/ee180lab3

Primary LanguageVerilog

README

Group 18: Jialin Ding, David Pan

We implemented all the required instructions: add,addi,addiu,addu,and,andi,beq,bgez, bgtz, blez, bltz, bne, j, jal, jalr, jr, lb, lbu, lui, lw, movn, movz, mul, nor, or, ori, sb, sll, sllv, slt, slti, sltiu, sltu, sra, srav, srl, srlv, sub, subu, sw, xor, xori.

In addition, we implemented two custom instructions for the extra credit under the names clo and clz. 

Hazards and Forwarding:
- Forwarding from ex to id: added boolean signal wire ‘foward_rs_ex’ in decode and added to ternary statement for ‘rs_data’. Only forward if not reading from memory, write enable is high, and rs_addr is equal to reg_write_addr_ex.
- Forwarding from ex/mem to id (for rt): basically copied the logic for rs to rt.
- Stalling: stall if there is a memory dependency on rs and the current instruction reads from rs, or if there is a memory dependency on rt and the current instruction reads from rt. (Basically stalling for lw.)
- Ternary statements for rs_data and rt_data needed to be in particular order: check for forward from ex stage must come before check for forward from mem stage, because if both stages match, we take the data from the ex stage, since it’s more recent.

Extra Credit:

We implemented two custom MIPS instructions under the names clo and clz which allowed us to simply parts of the MIPS code.
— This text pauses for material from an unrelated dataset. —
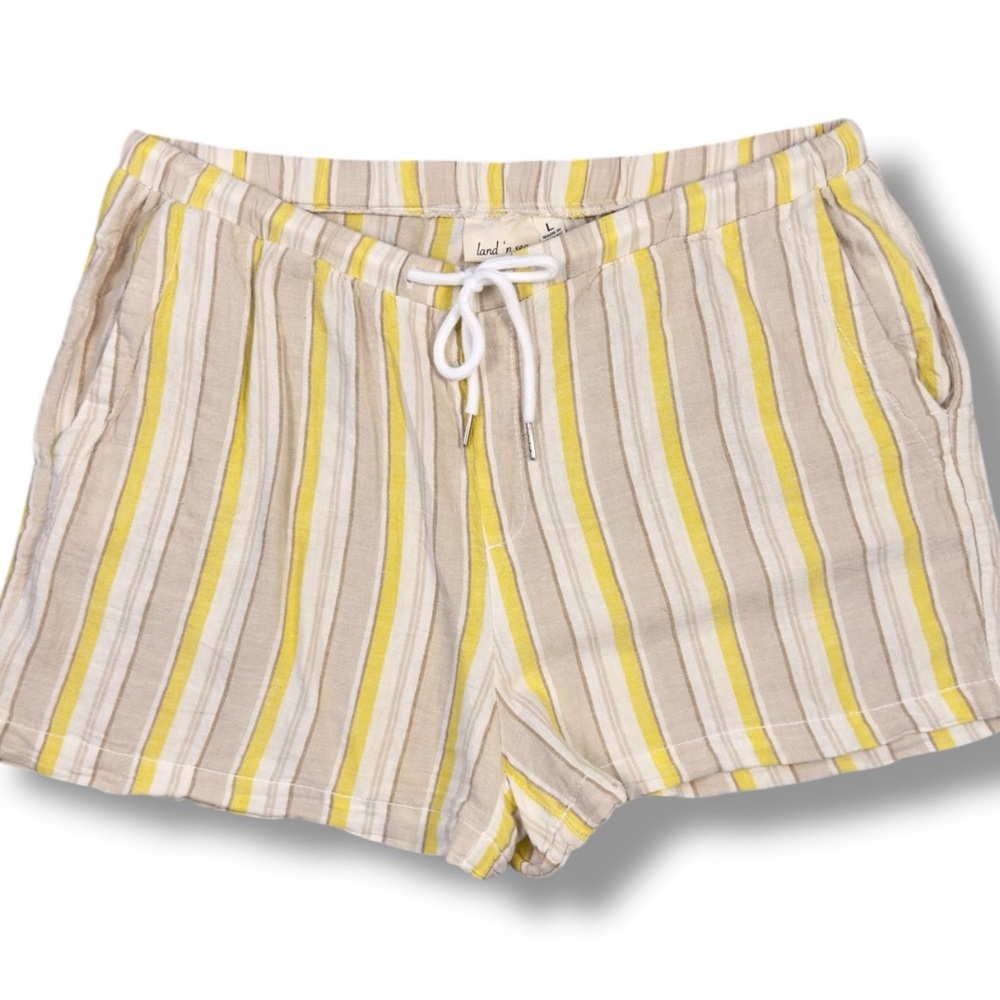 Land N Sea Linen Blend Striped Drawstring Shorts in Yellow & Beige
Using the ALU, the clo instruction computes (alu_op_x > 255) ? 255 : alu_op_x, while the clz instruction computes (alu_abs_temp > 255) ? 255 : alu_abs_temp where alu_abs_temp = ((alu_op_x_signed < 0) ? -alu_op_x_signed : alu_op_x) & 16'hFFFF. We made two new ALU opcodes for these instructions, so we had to increse the ALU opcode length from 4 to 5. The clo instruction represents the C code “sobel_xy = (sobel_xy > 255) ? 255 : sobel_xy;”, and the clz instruction represents the C code “sobel_x = abs(...); sobel_x = (sobel_x > 255) ? 255 : sobel_x;” and “sobel_y = abs(...); sobel_y = (sobel_y > 255) ? 255 : sobel_y;”. We replaced the MIPS code corresponding to this C code with clo and clz.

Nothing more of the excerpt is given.